» Aim of the task
Retype the records below word for word and omit any image.

━━━━━━━━

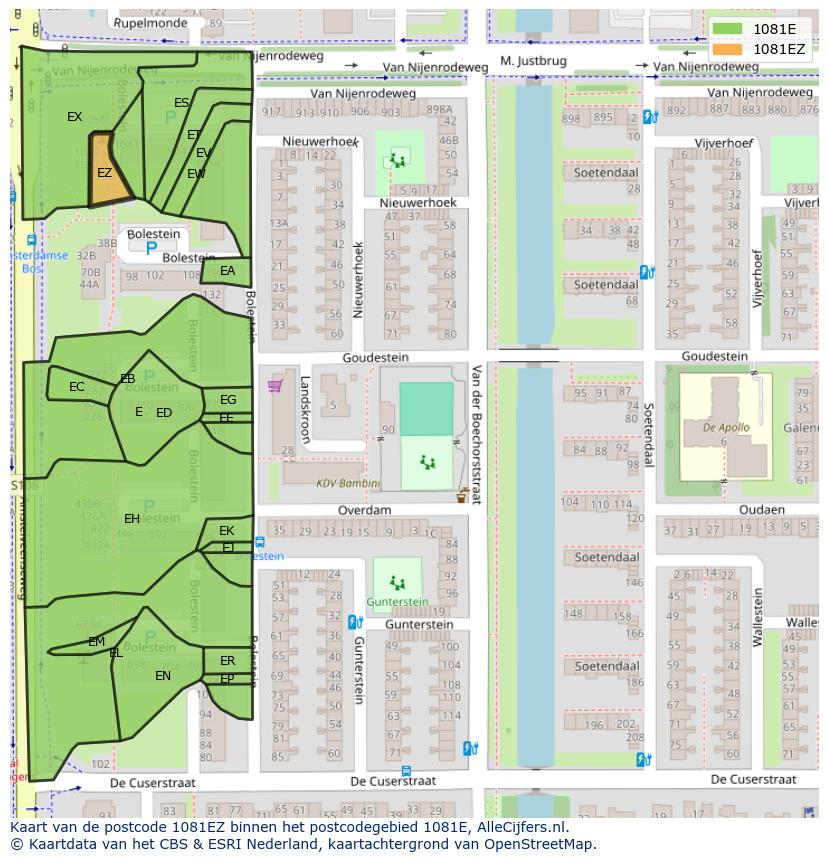 Afbeelding van het postcodegebied 1081 EZ op de kaart.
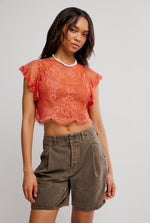 LUNAR ASH LACE TOP - SUNSET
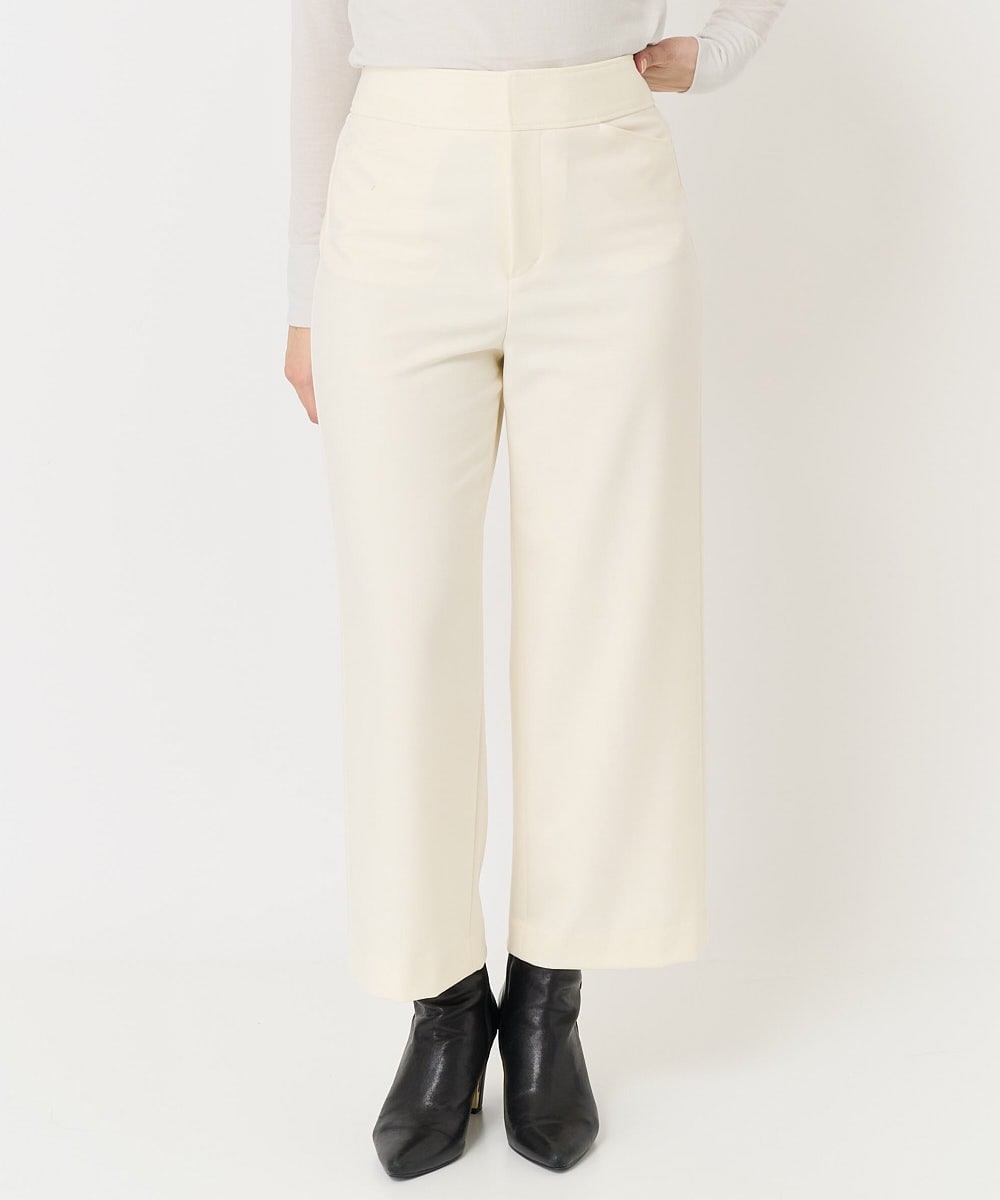 小さいサイズ]裏起毛ワイドクロップドパンツ(機能素材/新素材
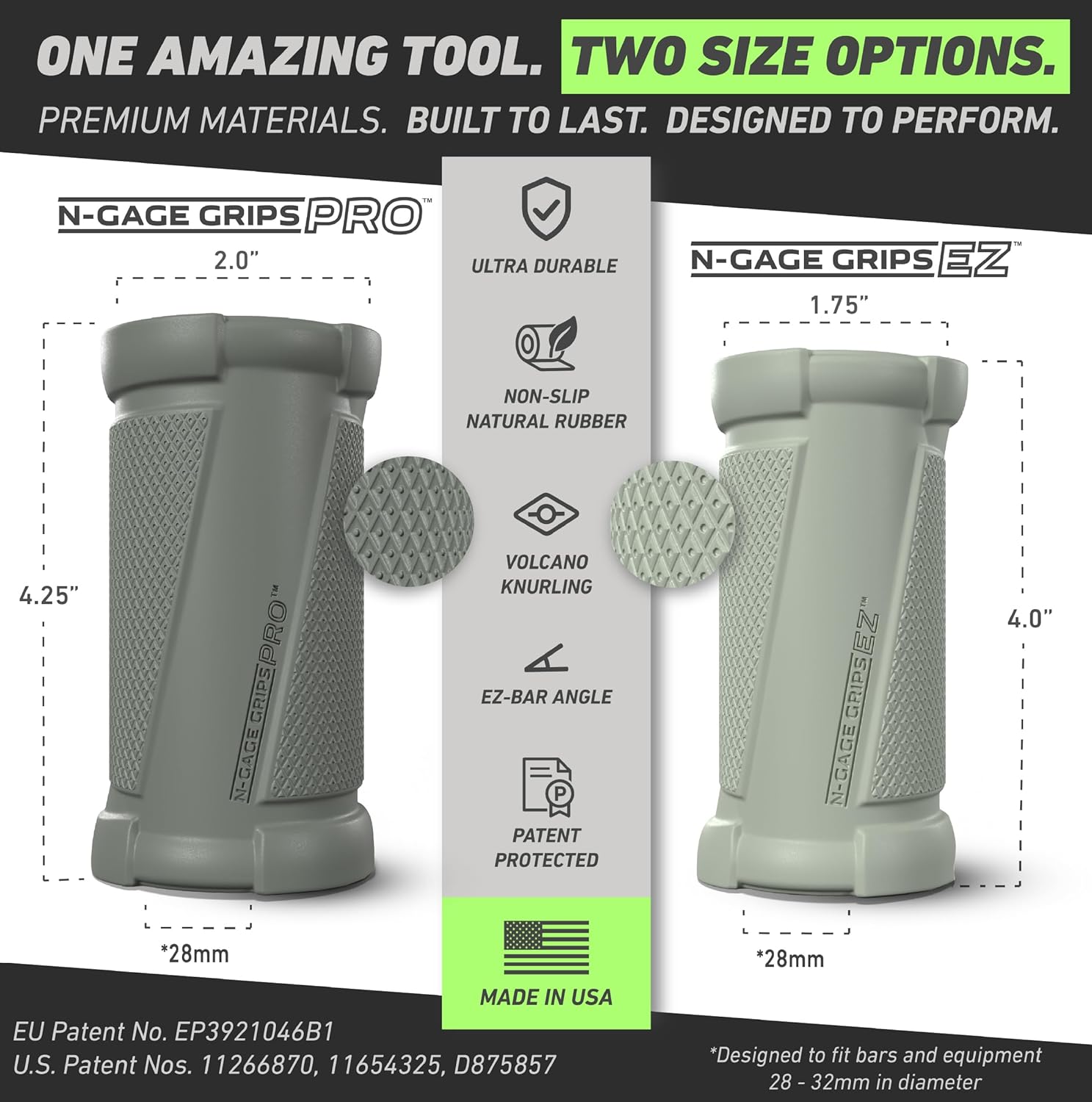 N-Gage Grips – Patented Angled Barbell Thick Grips for Joint Support & Muscle Activation – Ergonomic Bar Attachments for Strength Training - Gym Accessories Manufactured in the USA (1 Pair)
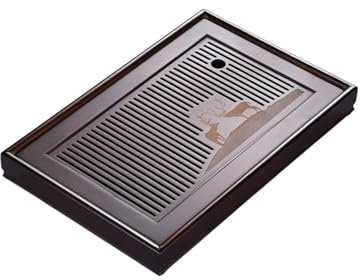 UPJAKS Tea Tray Bamboo Drain Tea Tray Water Storage Chinese Gongfu Tea Table Serving Tray Reservoir Type Japanese Tea Plate Rectangular Serving Box for Kung Fu Tea Set Tea Plate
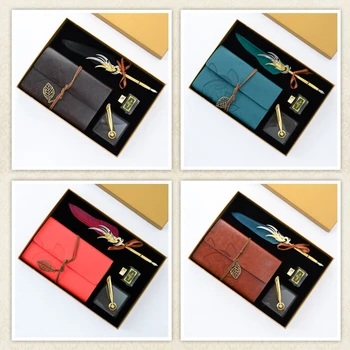 

Retro Calligraphy Feather Dip Fountain Pen Writing Ink Notebook Set Base Stationery Gift Box Office School Supplies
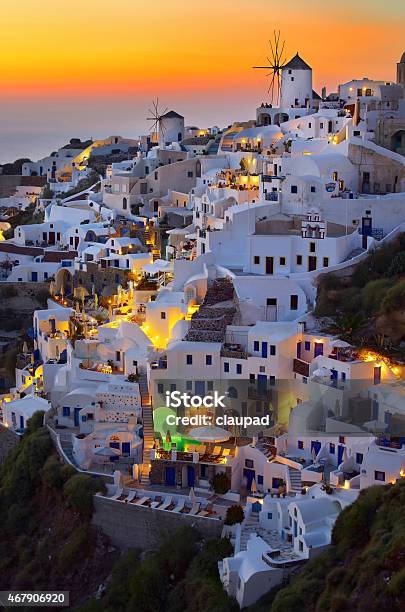 Sunset In Oia Santorini Stock Photo - Download Image Now - Santorini, Sunset, Window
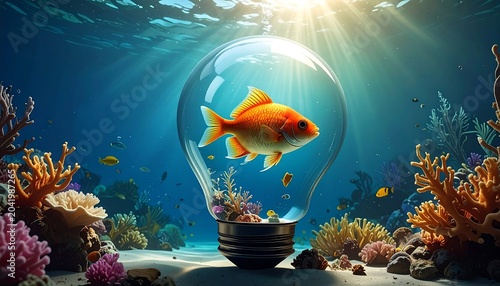 Vibrant Orange Goldfish Floating Inside Glass Light Bulb on Underwater Coral Reef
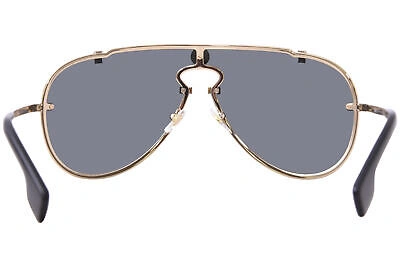 Pre-owned Versace Ve2243 100287 Sunglasses Men's Gold/dark Grey Pilot 43mm In Gray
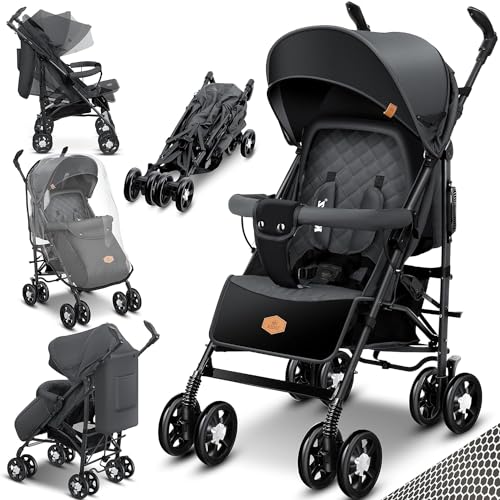 kinderwagen buggy klappbar liegebuggy sportwagen 360 drehbare räder inkl. moskitonetz anthrazit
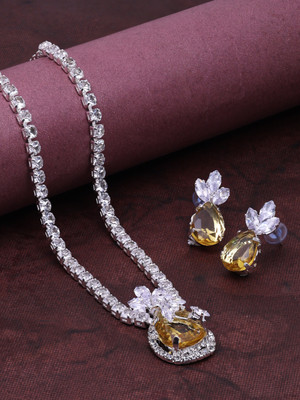 SAIYONI Alloy Silver Yellow, Silver Jewellery Set(Pack of 3)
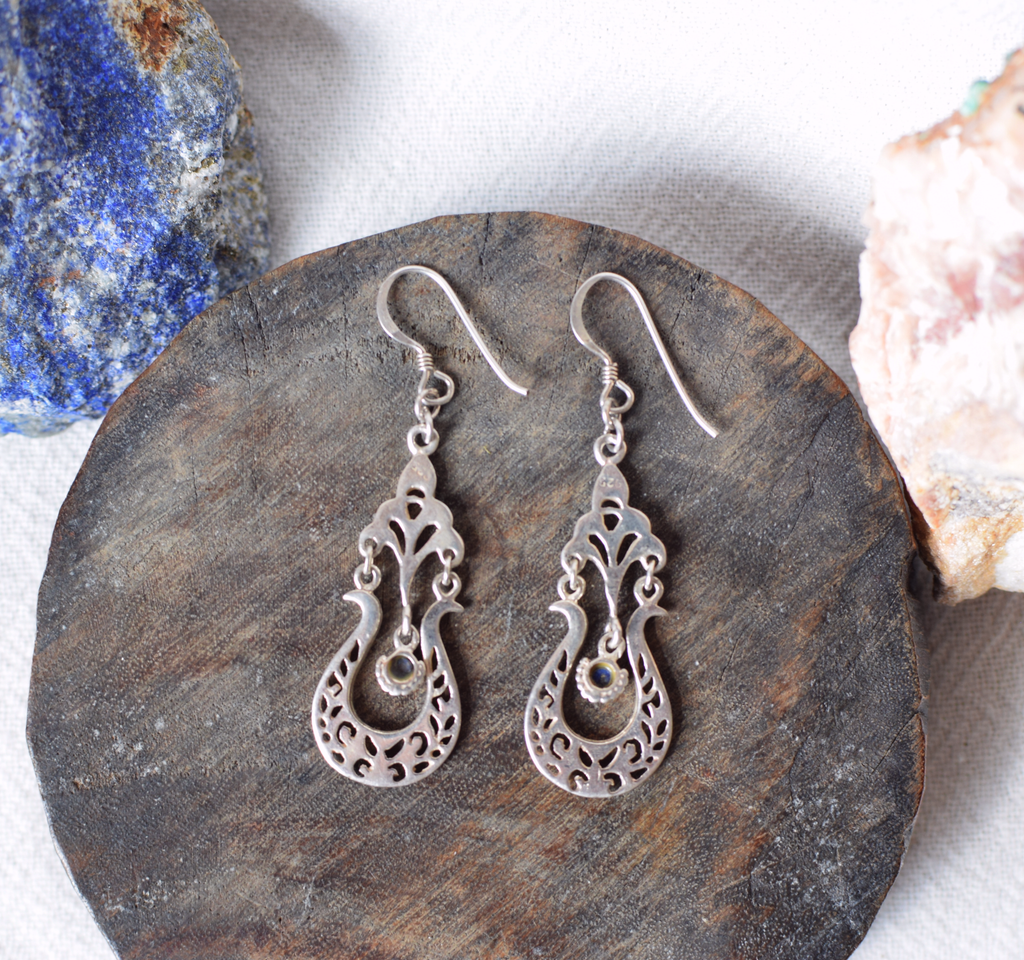 Lapis Lazuli & Sterling Silver Dangly Earrings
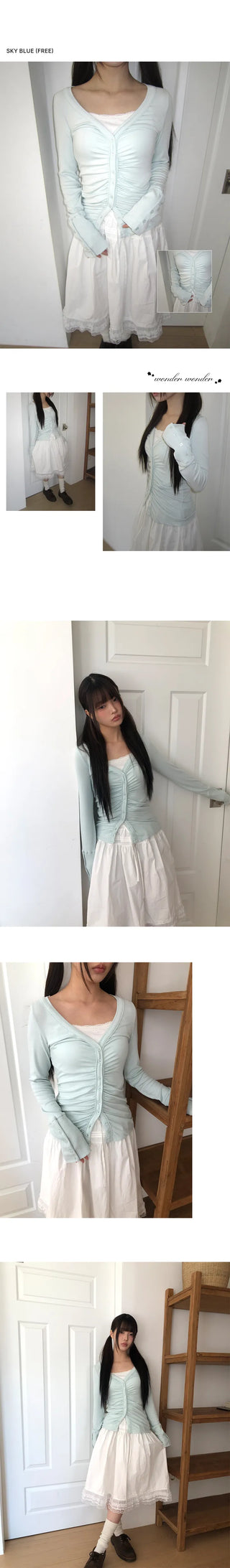 HIR Sleeve Button Shirred V-Neck Cardigan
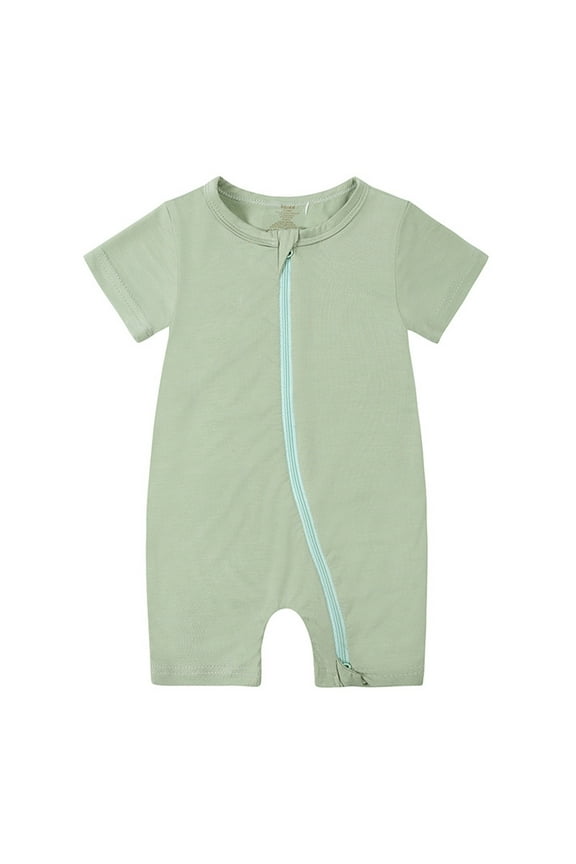Baby Boys Girls Romper Bamboo Rompers Zipper Short Sleeve Jumpsuit Sleepwear Loungewear Pjs Sleepers Pajamas Onesie Light Green 3-6 Months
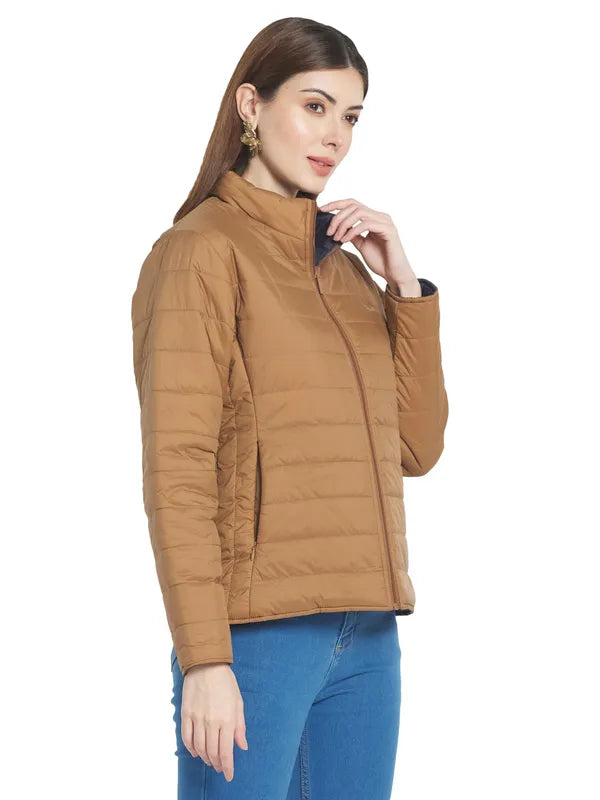 Mettle Women Brown Stand Collar Padded Jacket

━━━━━━━━

» Answer section
 Afbeelding van het postcodegebied 1081 EZ op de kaart.
 LUNAR ASH LACE TOP - SUNSET
 小さいサイズ]裏起毛ワイドクロップドパンツ(機能素材/新素材
 N-Gage Grips – Patented Angled Barbell Thick Grips for Joint Support & Muscle Activation – Ergonomic Bar Attachments for Strength Training - Gym Accessories Manufactured in the USA (1 Pair)
 UPJAKS Tea Tray Bamboo Drain Tea Tray Water Storage Chinese Gongfu Tea Table Serving Tray Reservoir Type Japanese Tea Plate Rectangular Serving Box for Kung Fu Tea Set Tea Plate

Retro Calligraphy Feather Dip Fountain Pen Writing Ink Notebook Set Base Stationery Gift Box Office School Supplies
 Sunset In Oia Santorini Stock Photo - Download Image Now - Santorini, Sunset, Window
 Vibrant Orange Goldfish Floating Inside Glass Light Bulb on Underwater Coral Reef
 Pre-owned Versace Ve2243 100287 Sunglasses Men's Gold/dark Grey Pilot 43mm In Gray
 kinderwagen buggy klappbar liegebuggy sportwagen 360 drehbare räder inkl. moskitonetz anthrazit
 SAIYONI Alloy Silver Yellow, Silver Jewellery Set(Pack of 3)
 Lapis Lazuli & Sterling Silver Dangly Earrings
 HIR Sleeve Button Shirred V-Neck Cardigan
Baby Boys Girls Romper Bamboo Rompers Zipper Short Sleeve Jumpsuit Sleepwear Loungewear Pjs Sleepers Pajamas Onesie Light Green 3-6 Months
 Mettle Women Brown Stand Collar Padded Jacket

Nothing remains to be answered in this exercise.